Ansley’s aunt contacted her last fall and encouraged her to enter a contest sponsored by AAA-The Auto Group, AmaWaterways and Allianz Global Assistance. The “Discovery Crew” contest winners take a week-long educational river cruise, and the cruise, airfare, travel insurance and money for passports is all provided for the student and a parent or guardian. The contest is open to all eighth-graders from the 14 states that AAA serves. Students were required to answer three essay questions and submit a selfie, showing their passion for travel.
“We were amazed by the passionate responses from the many students who expressed their interest in going on this trip,” said Debbie Haas, vice president of Travel for AAA – The Auto Club Group. “The winners chosen are different in many ways, but each share a similar enthusiasm for travel. Soon these students will immerse themselves in different cultures and see what it’s like to be an eighth-grader in two different countries.

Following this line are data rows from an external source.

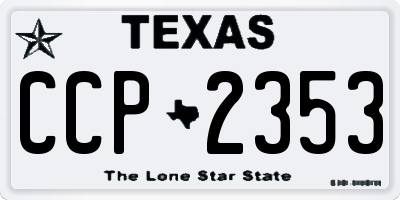 TX license plate CCP2353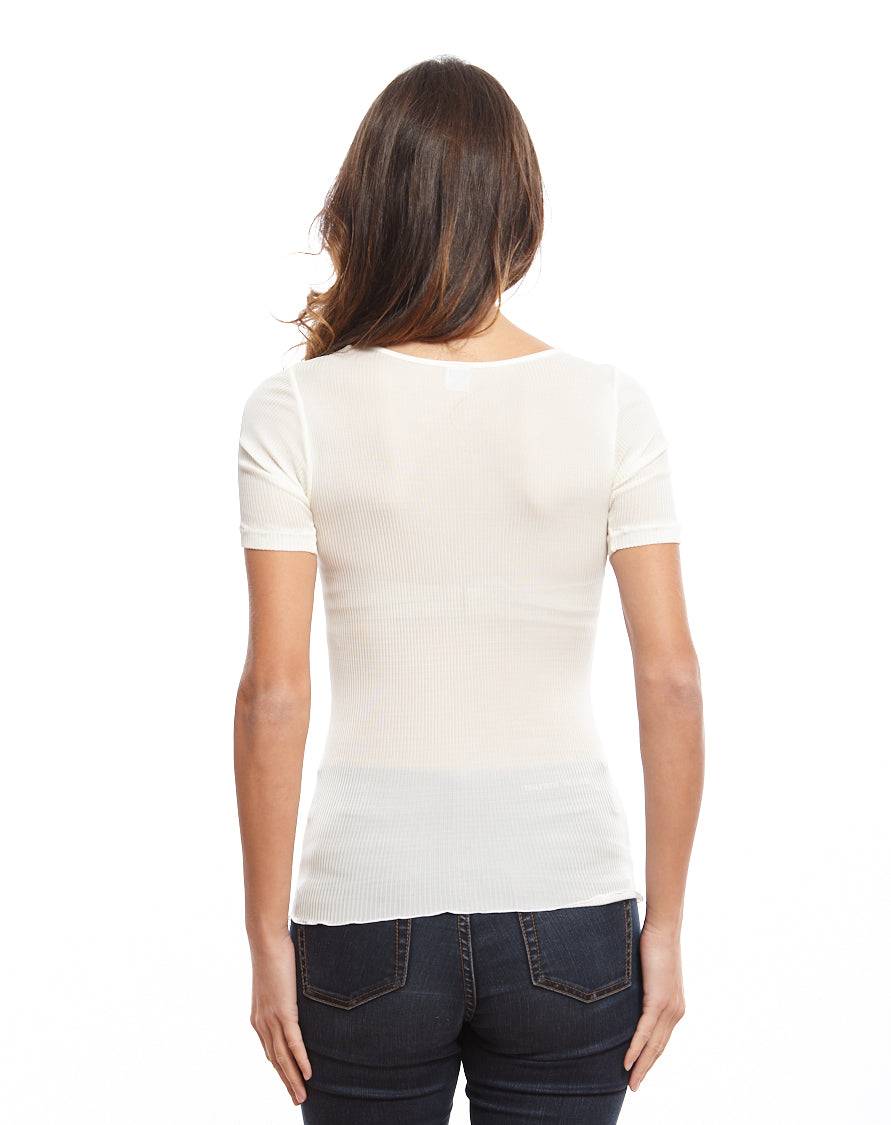 Oscalito Maglietta in pura seta girocollo 9454 Shopping Online
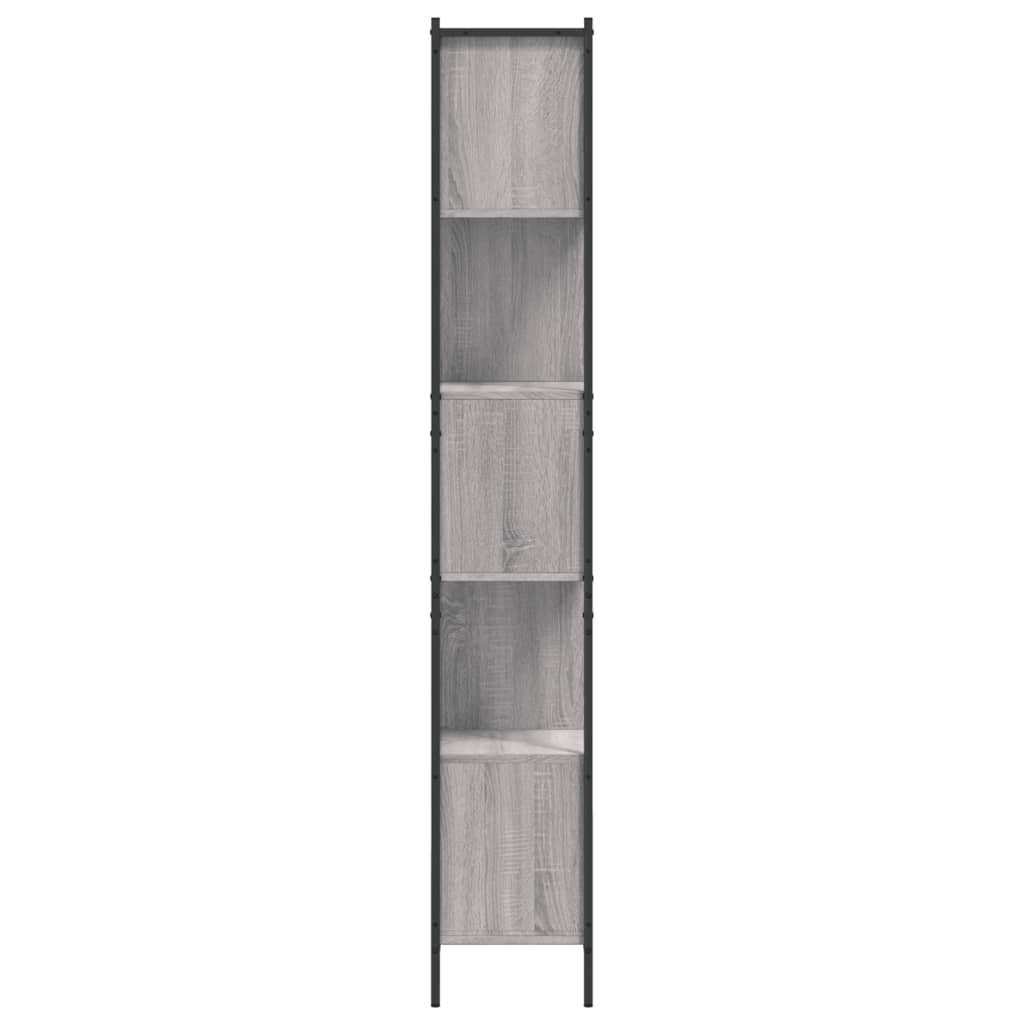 vidaXL Boekenkast 72x28x172 cm bewerkt hout zwart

The students who attended the previous trip called this a life-changing experience, so we are excited to share this opportunity with another group of people.”

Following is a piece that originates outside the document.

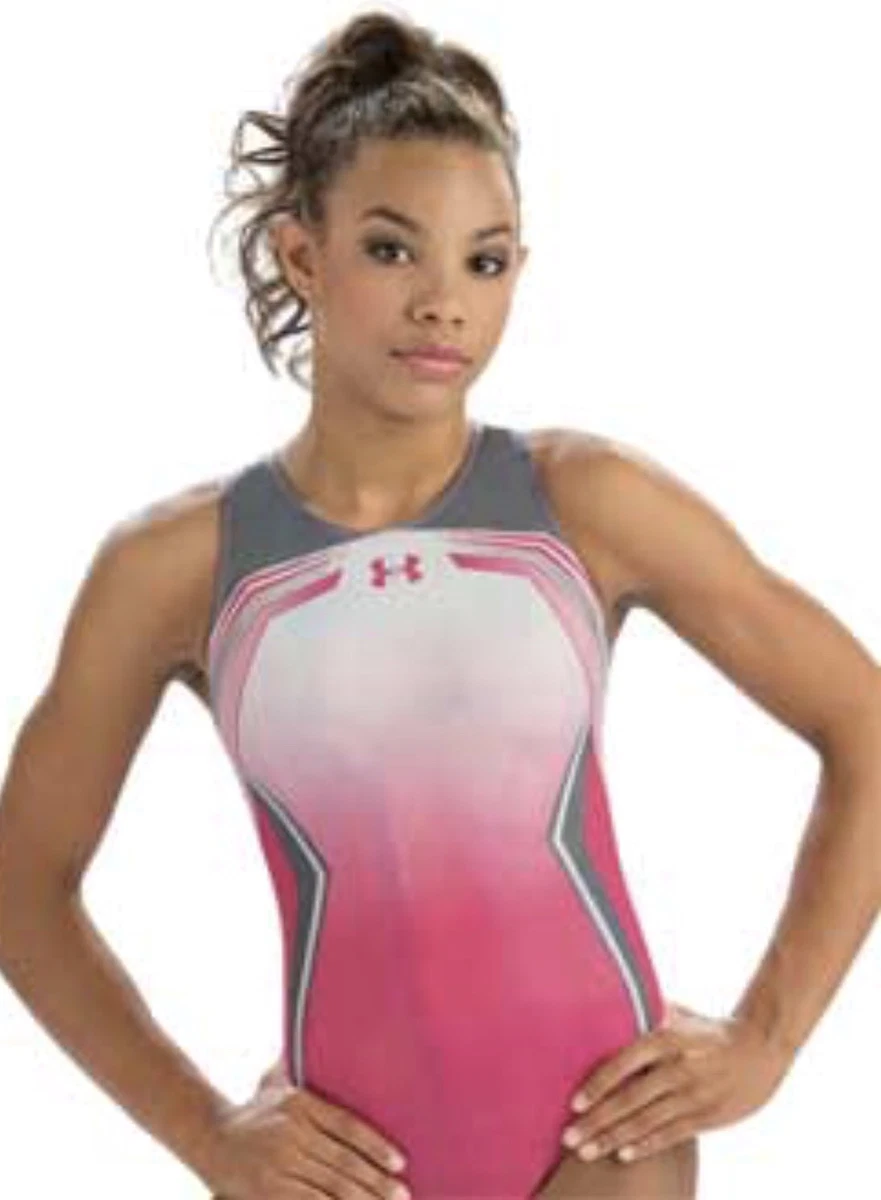 Tenslotte Chip Recensie Under Armour GK ELITE Gymnastics LEOTARD Sporty LIPSTICK Pink UA ArmourFuse  AS | eBay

This was the second time AAA-The Auto Group sponsored the contest, and a total of 60 winners were selected last fall. Ansley was the only winner chosen in Georgia.
Ansley says she wrote the three required responses to the essay questions the night before they were due, and her submitted photo, which showed her looking as if she were sleeping and holding a book, was entitled, “Dreaming of Belgium.” The submissions were made in September 2022, and she was notified she’d won in November.
Shannon says students in the eighth grade were chosen because “they can travel and soak it all in.”
“I mean, watching them all week, I was like they were right, they are the perfect age for this, because they’re old enough to, kind of, take care of themselves, but they’re still young enough to really soak in the adventures,” she said.
The dates for the trip were March 11-19. The mother-daughter duo flew from Savannah to Atlanta, then from there to Amsterdam, where they were met and put on a tour bus and taken to the ship, the AmaLucia.
Each evening, they were given an itinerary for the next day. They boarded the ship in Amsterdam, and took a canal cruise in the city the next day. The students were able to tour the Anne Frank House, while the parents took a walking tour of the city, which Shannon says was one of her favorite tours.
In the afternoon that same day, students visited a Dutch school. Both mother and daughter remarked how well everyone they encountered spoke English.
“It was so amazing, because we would be somewhere and (the guides) would be talking to us in English, and they would turn to someone and immediately go to Dutch, and have a conversation and then turn and keep talking to us in English,” Shannon said. “I was like, I don’t know if I could do that.”
Ansley said all the kids spoke English in the Dutch school she visited, and she couldn’t get over the amount of windows in the classrooms. She also noted that the lockers students used didn’t have locks; instead, students used an app on their cellphones to unlock them.
Other excursions the group enjoyed included walking tours, museums, bike tours and a tulip experience.
All along the way, AAA had set up food experiences, allowing the students and accompanying adults to try chocolates, candies and other treats. Ansley said the Belgian waffles were really good, but she was surprised to find that they are only for special occasions there.
Ansley was given some licorice to sample, but she didn’t like it. They also were given a gummy-type candy in Antwerp that locals lick and stick to their foreheads — the candies are supposed to resemble noses.
She says they saw lots of “old cities,” and her mom says, “It was a very full agenda.”
“They had afternoon tea on the boat every day, but we never went, because we wanted to see and do everything we could while we were there,” Shannon said. “We were determined to take every tour they offered.”
Each evening on the ship, there was some sort of speaker or entertainment. The first evening, they heard from a Holocaust survivor, and the movie made from “The Diary of Anne Frank” was shown. The last evening, there was a dance party for everyone.
“All the kids were dancing and they played music,” Ansley said.
“The adults were dancing too, we just stood in the back of the room,” Shannon said, and they both laughed.
Of all the adventures she experienced, Ansley says the most unexpected was when the students got to hold pigeons in Amsterdam. They were visiting the square there, on the last day.
“There were a bunch of pigeons, like New York or something,” Ansley said. “There was a guy handing out bird seed, and we were like, yeah, sure, sure. So all the pigeons would just, like, fly to your hands. It was really cool.”
Ansley came home with souvenirs for family members, and some candy and a clogs key chain for her book bag.
But she — and her mom — also came home with lifelong memories.